Ovvero: la verità è (s)comoda come una scarpa NIKE.


(ATTENZIONE: ciò che scrivo è un semplice modo, dopo tante richieste, per cominciare a fare un po’ di chiarezza sull’approccio a queste calzature e ogni commento ed esperienza a riguardo non farà che arricchire questo approccio. Quindi, al termine del post, sentitevi liberi di esprimere in modo garbato -se possibile- ogni vostro pensiero. Detto questo ricordate che stiamo parlando di quisquilie. Per correre ci vogliono gambe e testa. Chi corre veramente si preoccupa della torta, non della ciliegina. E qui parliamo della ciliegina).


PREMESSA BIOMECCANICA

Cercherò di essere semplice nell’esposizione, anzi, perdonatemi se alcuni passaggi potranno apparire banali, spero che i puristi non si offendano, vorrei solo che i concetti fossero SEMPLICI e CHIARI per tutti, quindi a costo del linciaggio mi butterò verso ciò che ritengo possa esemplificare al massimo la questione.

Prendete una MOLLA.

Flettetela e lasciatela andare.

Noterete che più la molla è rigida più la risposta sarà rapida e più la flettete più restituirà forza al suo ritorno allo stato normale.

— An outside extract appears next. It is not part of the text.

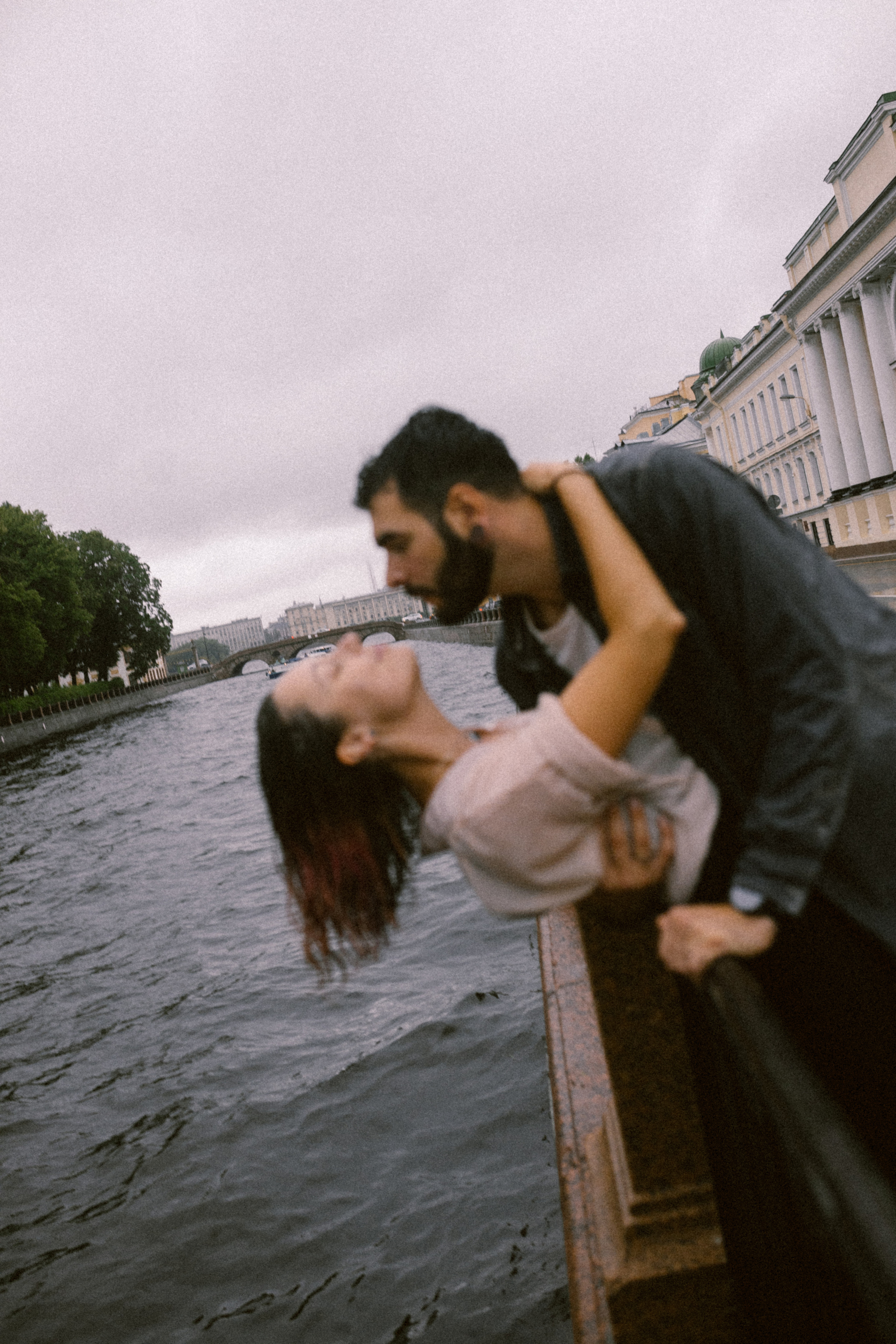 И мы как всегда без зонта мимо тусклых домов по питерским лужам…. Свадебный и семейный фотограф в Санкт-Петербурге и Москве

Meno è rigida più ci sarà latenza nella risposta e dispersione di energia. 

Sostituite la molla con il vostro piede.

Ogni volta che toccate il terreno il piede flette. Se i muscoli del piede (e, in seconda istanza, del polpaccio, della coscia, del bacino, etc) non sono allenati, non sono “tonici e pronti” come quella molla, avrete latenza nella risposta e dispersione di energia.

Un atleta deve quindi preoccuparsi di allenare la propria muscolatura con gli esercizi giusti per essere in grado di rispondere a questo tipo di richiesta biomeccanica.

È tuttavia indubbio che anche un aiuto dall’esterno può essere dato.


COME?

Innanzitutto attraverso lo studio della biomeccanica. Ovvero la prima fonte di investimento (insieme ai materiali) di tutte le aziende che si occupano di sport (e non solo!).

Materiali, spessori, inclinazioni e forme diventano il nucleo di supporto al moto del nostro corpo.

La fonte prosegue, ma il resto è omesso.